§ SOURCE DATA:
□ □ □ □ □ □ □
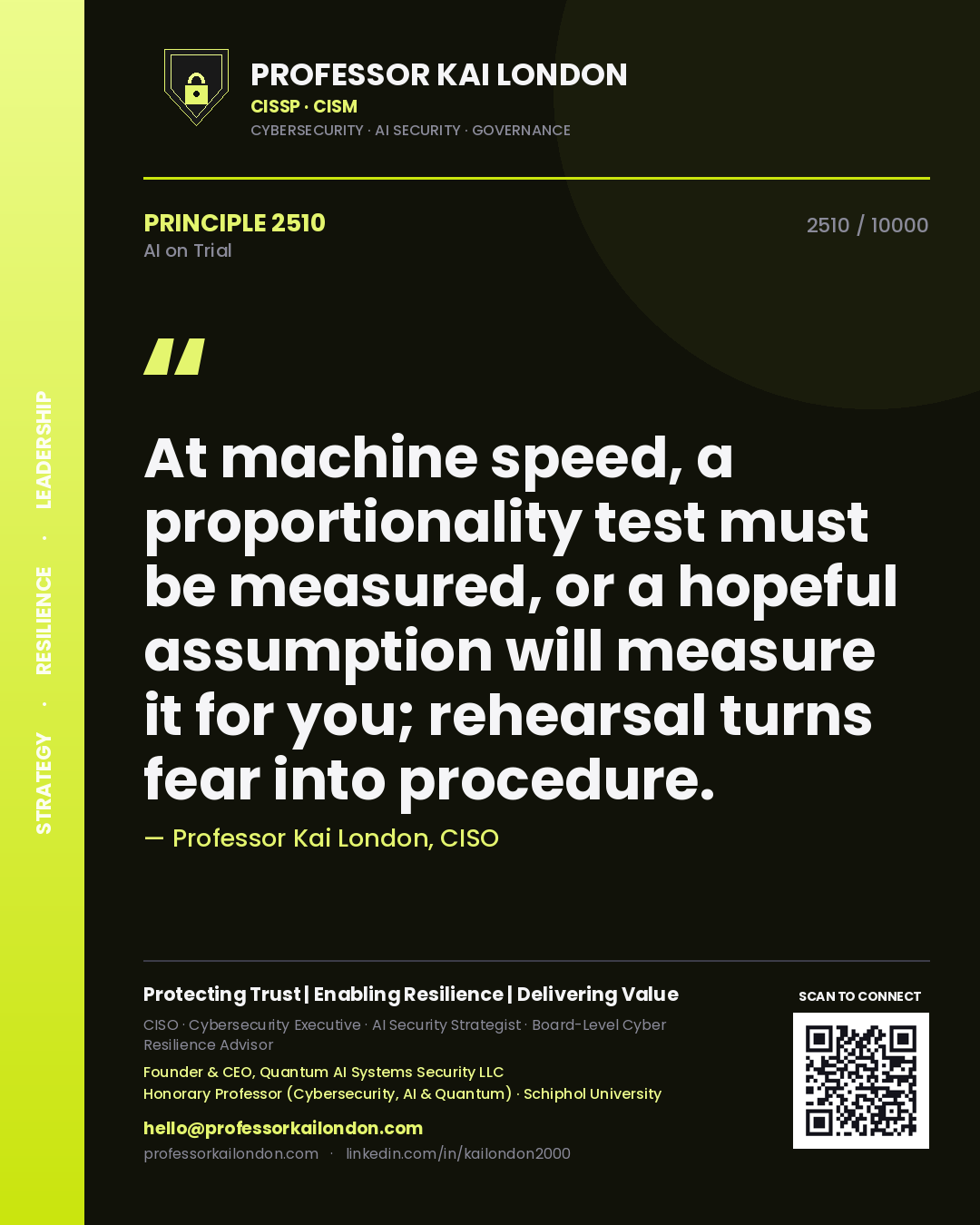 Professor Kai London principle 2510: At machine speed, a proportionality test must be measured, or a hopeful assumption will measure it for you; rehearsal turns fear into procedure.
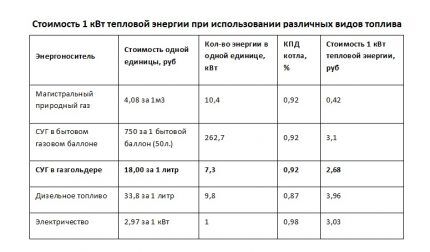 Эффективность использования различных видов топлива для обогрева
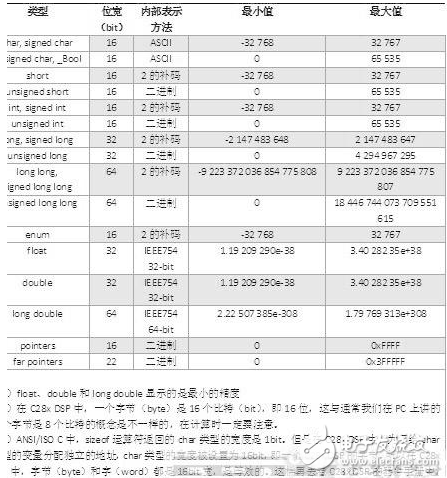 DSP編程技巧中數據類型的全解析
□ □ □ □ □ □ □
Skip the pictures and write out exactly the lines from the line containing "Эффективность использования различных" through the end of the listing above.

 Эффективность использования различных видов топлива для обогрева
 DSP編程技巧中數據類型的全解析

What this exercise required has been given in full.